In a recent decision (Secretary for Justice v Cheng Ka-Yee, HCMA 466/2017) the Court certified the following question of law as being of great and general importance: “Is the actus reus of the offence under section 161(1)(c) of the Crimes Ordinance, Cap 200 (CO) restricted to the unauthorised extraction and use of information from a computer?” (the Decision)
Section 161 (1) of the CO provides that:
“Any person who obtains access to a computer-
(a) with intent to commit an offence;
(b) with a dishonest intent to deceive;
(c) with a view to dishonest gain for himself or another; or
(d) with a dishonest intent to cause loss to another,
whether on the same occasion as he obtains such access or on any future occasion, commits an offence and is liable on conviction upon indictment to imprisonment for 5 years.”
The Decision originates from the prosecution of four primary school teachers who had used their mobile phones and a school computer to leak admission interview questions of the school. The teachers were charged with the offence of obtaining access to a computer with criminal or dishonest intent under section 161 of the Crimes Ordinance, Cap 200.
Their acquittal by the Magistrates’ Court was upheld by the Court of First Instance “CFI), which held that using a person’s own mobile smartphone or using a computer which is not unauthorised to leak questions did not amount to “obtaining access to a computer”.
The CFI held that section 161(1)(c): “…only prohibits the unauthorized and dishonest extraction and use of information” and that “obtaining access to a computer” and “using a computer” have different meanings and that to prove the actus reus of the offence, the prosecution must prove “the unauthorized extraction and use of information” from a computer.
The Secretary for Justice made an application for a certificate to enable it to appeal the CFI’s decision to the Court of Final Appeal (CFA), that a point of law of great and general importance was involved in the Court’s judgment dated 6 August 2018. By that judgment, the CFI had dismissed the Secretary for Justice’s appeal against the acquittal of the teachers.
The CFI held that as the three teachers had used their own smartphones to take photographs, or to receive/send them by WhatsApp, this was not unauthorized extraction and use of information from a computer. They were not obtaining access to a computer under section 161. The Court also held that one teacher was not obtaining access to a computer under section 161, as the use of the desktop computer to create the Word file was not unauthorized and she did not obtain or extract the Word file from the school’s computer system.
The Court said that although the result of this application probably would not affect the teachers’ acquittals it would be in the interests of the public that there be a final resolution of the proper construction of the controversial offences under section 161 of the CO, as this affects not only the offence under section 161(1)(c), but also other offences under section 161 of the CO.
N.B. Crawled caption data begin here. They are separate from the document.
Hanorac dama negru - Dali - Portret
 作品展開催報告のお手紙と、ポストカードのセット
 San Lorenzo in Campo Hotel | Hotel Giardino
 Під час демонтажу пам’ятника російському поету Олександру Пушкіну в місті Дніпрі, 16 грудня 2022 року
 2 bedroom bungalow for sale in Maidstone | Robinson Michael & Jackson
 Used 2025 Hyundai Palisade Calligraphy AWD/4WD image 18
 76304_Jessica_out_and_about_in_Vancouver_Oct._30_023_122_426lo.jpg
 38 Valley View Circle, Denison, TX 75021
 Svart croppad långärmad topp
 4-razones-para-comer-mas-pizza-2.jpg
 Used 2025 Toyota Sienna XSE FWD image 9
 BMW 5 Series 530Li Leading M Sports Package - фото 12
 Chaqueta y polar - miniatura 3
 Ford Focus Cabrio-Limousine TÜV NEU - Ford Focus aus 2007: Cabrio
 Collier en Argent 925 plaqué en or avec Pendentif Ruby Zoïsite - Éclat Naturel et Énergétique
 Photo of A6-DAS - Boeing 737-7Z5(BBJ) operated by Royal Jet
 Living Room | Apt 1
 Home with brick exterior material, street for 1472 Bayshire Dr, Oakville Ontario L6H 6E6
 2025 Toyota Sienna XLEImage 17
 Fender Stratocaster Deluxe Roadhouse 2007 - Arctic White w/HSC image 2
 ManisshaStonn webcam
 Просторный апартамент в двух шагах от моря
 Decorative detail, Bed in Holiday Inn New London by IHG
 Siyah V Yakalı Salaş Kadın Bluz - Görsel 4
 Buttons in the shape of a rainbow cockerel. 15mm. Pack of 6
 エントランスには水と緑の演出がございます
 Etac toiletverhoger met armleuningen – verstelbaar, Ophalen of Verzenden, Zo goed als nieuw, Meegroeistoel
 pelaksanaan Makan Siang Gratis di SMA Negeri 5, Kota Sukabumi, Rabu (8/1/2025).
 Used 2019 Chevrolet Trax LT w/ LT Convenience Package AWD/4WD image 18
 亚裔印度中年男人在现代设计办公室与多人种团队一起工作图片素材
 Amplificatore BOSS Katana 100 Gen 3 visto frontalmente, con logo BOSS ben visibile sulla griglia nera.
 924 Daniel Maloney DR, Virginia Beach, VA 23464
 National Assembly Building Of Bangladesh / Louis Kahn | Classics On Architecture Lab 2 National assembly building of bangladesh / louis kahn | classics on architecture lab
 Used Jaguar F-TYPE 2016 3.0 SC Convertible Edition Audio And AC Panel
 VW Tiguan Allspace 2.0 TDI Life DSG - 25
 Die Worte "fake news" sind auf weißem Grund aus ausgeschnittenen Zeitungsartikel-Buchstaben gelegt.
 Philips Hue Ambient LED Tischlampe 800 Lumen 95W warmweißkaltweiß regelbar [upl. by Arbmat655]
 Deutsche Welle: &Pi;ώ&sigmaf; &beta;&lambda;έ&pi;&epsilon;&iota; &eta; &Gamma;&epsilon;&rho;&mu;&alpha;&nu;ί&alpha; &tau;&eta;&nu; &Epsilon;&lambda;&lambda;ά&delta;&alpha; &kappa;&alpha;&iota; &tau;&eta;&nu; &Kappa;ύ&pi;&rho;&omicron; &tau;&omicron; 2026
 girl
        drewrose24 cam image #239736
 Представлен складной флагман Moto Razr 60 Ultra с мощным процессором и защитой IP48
Offences under section 161 of the CO include technology crimes like online fraud, illegal access to a computer system and taking upskirt photos and videos.
It can be seen that the CFI’s interpretation of “dishonest use of computer” was construed narrowly. Although this case did not deal with offences such as taking upskirt photos, where offenders usually use their own smartphones to take photos, which does not involve unauthorized extraction and use of information, this narrow interpretation may affect how the Department of Justice lays charges in respect of such offences. It is noteworthy that, the Department of Justice has had to suspend prosecution of crimes relating to smartphones, including “up skirt photo” crimes, and consider alternative charges, at least for the time being, rather than relying on section 161 of the Crimes Ordinance.
It remains to be seen whether the CFA will endorse such narrow interpretation of the actus reus of the offence under section 161(1)(c). We shall provide a further update once the CFA has decided the issue.